另一个答案是一些示例代码,仍在测试中。它在其限制范围内非常有弹性。这里修改成SSCCE(Short, Self-Contained, Correct Example)。
#include <stdbool.h>
#include <wchar.h>
#include <wctype.h>
extern const wchar_t *nextCsvField(const wchar_t *p, wchar_t sep, bool *newline);
// Returns a pointer to the start of the next field,
// or zero if this is the last field in the CSV
// p is the start position of the field
// sep is the separator used, i.e. comma or semicolon
// newline says whether the field ends with a newline or with a comma
const wchar_t *nextCsvField(const wchar_t *p, wchar_t sep, bool *newline)
{
// Parse quoted sequences
if ('"' == p[0]) {
p++;
while (1) {
// Find next double-quote
p = wcschr(p, L'"');
// If we don't find it or it's the last symbol
// then this is the last field
if (!p || !p[1])
return 0;
// Check for "", it is an escaped double-quote
if (p[1] != '"')
break;
// Skip the escaped double-quote
p += 2;
}
}
// Find next newline or comma.
wchar_t newline_or_sep[4] = L"\n\r ";
newline_or_sep[2] = sep;
p = wcspbrk(p, newline_or_sep);
// If no newline or separator, this is the last field.
if (!p)
return 0;
// Check if we had newline.
*newline = (p[0] == '\r' || p[0] == '\n');
// Handle "\r\n", otherwise just increment
if (p[0] == '\r' && p[1] == '\n')
p += 2;
else
p++;
return p;
}
static void dissect(const wchar_t *line)
{
const wchar_t *start = line;
const wchar_t *next;
bool eol;
wprintf(L"Input: %d [%.*ls]\n", wcslen(line), wcslen(line)-1, line);
while ((next = nextCsvField(start, L',', &eol)) != 0)
{
wprintf(L"Field: [%.*ls] (eol = %d)\n", (next - start - eol), start, eol);
start = next;
}
}
static const wchar_t multiline[] =
L"First field of first row,\"This field is multiline\n"
"\n"
"but that's OK because it's enclosed in double quotes, and this\n"

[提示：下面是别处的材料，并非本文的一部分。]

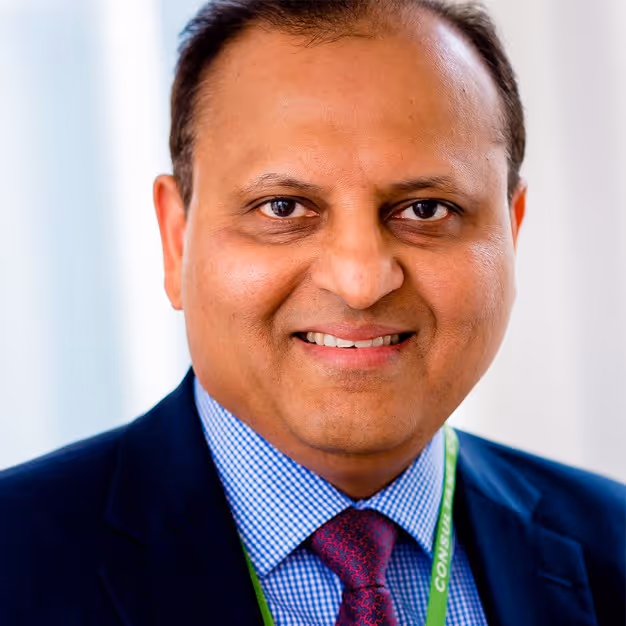 Smiling man wearing a dark suit, checkered shirt, red patterned tie, and green conference lanyard.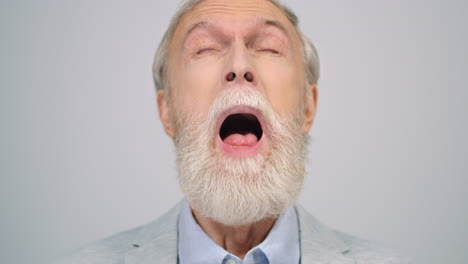 happy old man smiling to camera indoor. cheerful guy wiping face in studio.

"is an escaped \"\" double quote\" but this one \"\" is not\n"
" \"This is second field of second row, but it is not multiline\n"
" because it doesn't start \n"
" with an immediate double quote\"\n"
;
int main(void)
{
wchar_t line[1024];
while (fgetws(line, sizeof(line)/sizeof(line[0]), stdin))
dissect(line);
dissect(multiline);
return 0;
}
示例输出
$ cat csv.data
a,bb, c ,d""e,f
1,"2","",,"""",4
$ ./wcsv < csv.data
Input: 16 [a,bb, c ,d""e,f]
Field: [a,] (eol = 0)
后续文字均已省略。